She went to Ireland to teach French. It was there she met an Englishman, whom she married in 1951. She moved with him to his tea plantation in India, where she fell in love with the colors that were hot, clashing, and vibrant, colors she was raised to think of as garish and vulgar. She said, “I saw them looking amazing together. It freed me up from all restrictions in my relation to color.” The light, too, inspired her; it was so bright, and cast hard shadows. ”That experience of painting in the hard glare of the sun taught me a lot about the painting process. I would start a painting, and by the time I had mixed the colors, the light would change, the shadows would shift, what I was painting was no longer the same.
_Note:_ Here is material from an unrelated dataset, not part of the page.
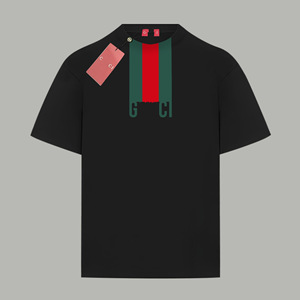 T-shirt GG <span class=keywords><strong>e</strong></span> LL VV in cotone vintage di alta gamma 25S, nuova versione, con logo stampato <span class=keywords><strong>a</strong></span> <span class=keywords><strong>righe</strong></span> <span class=keywords><strong>rosse</strong></span> <span class=keywords><strong>e</strong></span> verdi, traspirante <span class=keywords><strong>e</strong></span> anti-umidità - Product Image 1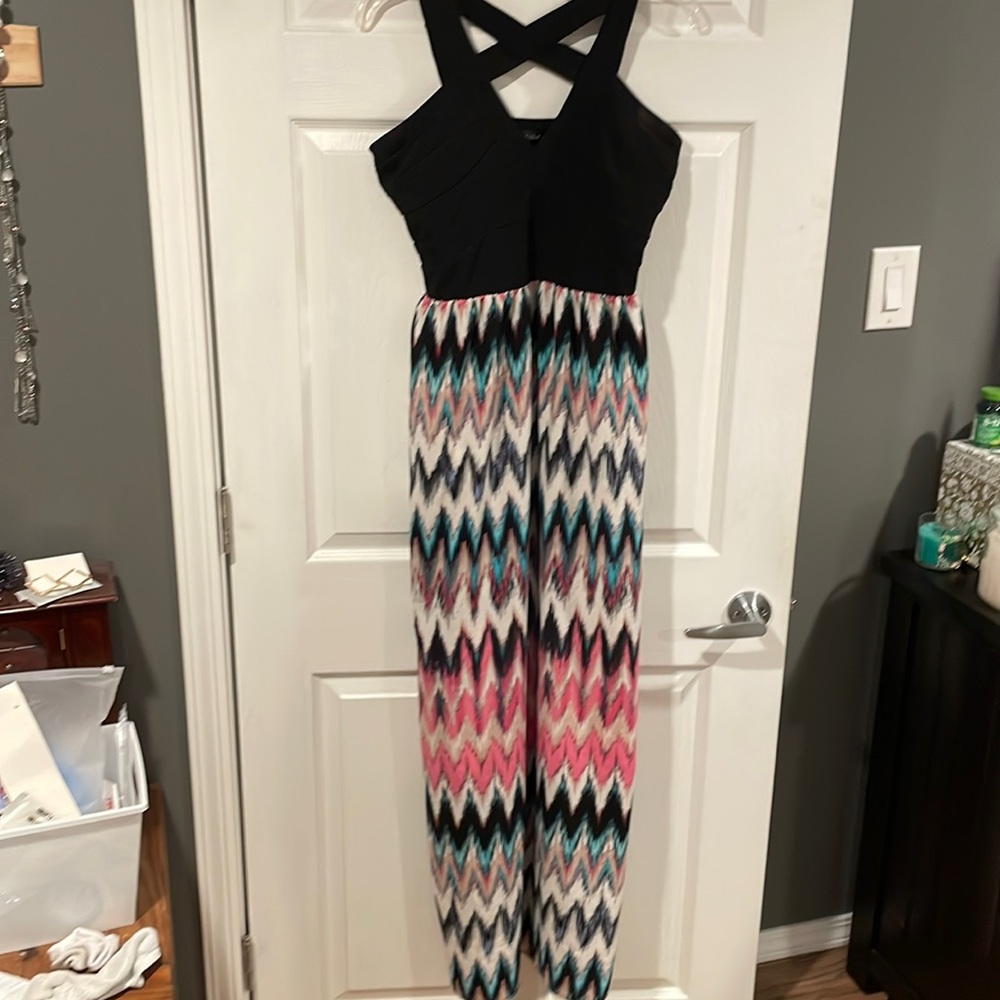Maxi dress with intricate neckline size m/l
I was not painting the landscape I was looking at. I was painting it as I remembered it. I was painting my reaction to the landscape, rather than what was in front of me.”
The marriage ended, and Marie-Louise returned to Europe. She took a job in Paris, where she also attended the newly established Institute for Interpretation and Translation, part of the University of Paris. After earning her interpreter’s diploma, she worked as a translator in Paris and eventually in New York City, where she moved in 1958. Then MIddlebury College in Vermont offered her a chance to continue her studies and to teach French literature. She moved to St. Louis to raise her two young sons after her time in Vermont, and began painting again. She enrolled in the Art School at Washington University there, and began her 50-year journey as a full-time painter.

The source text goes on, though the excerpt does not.